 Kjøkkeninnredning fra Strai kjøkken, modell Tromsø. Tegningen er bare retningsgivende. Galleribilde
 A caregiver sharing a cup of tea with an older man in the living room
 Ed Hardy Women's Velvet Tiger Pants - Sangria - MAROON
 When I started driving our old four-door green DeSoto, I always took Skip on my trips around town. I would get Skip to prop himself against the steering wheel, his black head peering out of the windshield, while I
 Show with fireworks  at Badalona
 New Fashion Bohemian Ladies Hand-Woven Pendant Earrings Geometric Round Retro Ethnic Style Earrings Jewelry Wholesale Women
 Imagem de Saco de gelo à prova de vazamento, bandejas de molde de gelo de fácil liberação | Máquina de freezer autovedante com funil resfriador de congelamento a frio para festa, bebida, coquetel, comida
++++
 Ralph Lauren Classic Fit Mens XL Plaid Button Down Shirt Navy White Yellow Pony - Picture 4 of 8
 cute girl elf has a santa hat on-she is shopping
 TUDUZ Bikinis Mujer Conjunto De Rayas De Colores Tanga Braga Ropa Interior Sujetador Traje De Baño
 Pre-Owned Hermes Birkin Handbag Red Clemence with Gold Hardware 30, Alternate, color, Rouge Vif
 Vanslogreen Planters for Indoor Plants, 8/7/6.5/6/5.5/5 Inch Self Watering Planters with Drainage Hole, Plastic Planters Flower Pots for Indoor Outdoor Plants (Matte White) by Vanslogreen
++++
### Task objective:
Restate word for word the entries above from the line with "A caregiver sharing" through the line with "New Fashion Bohemian", inclusive, leaving out everything else.

### Finished task:
 A caregiver sharing a cup of tea with an older man in the living room
 Ed Hardy Women's Velvet Tiger Pants - Sangria - MAROON
 When I started driving our old four-door green DeSoto, I always took Skip on my trips around town. I would get Skip to prop himself against the steering wheel, his black head peering out of the windshield, while I
 Show with fireworks  at Badalona
 New Fashion Bohemian Ladies Hand-Woven Pendant Earrings Geometric Round Retro Ethnic Style Earrings Jewelry Wholesale Women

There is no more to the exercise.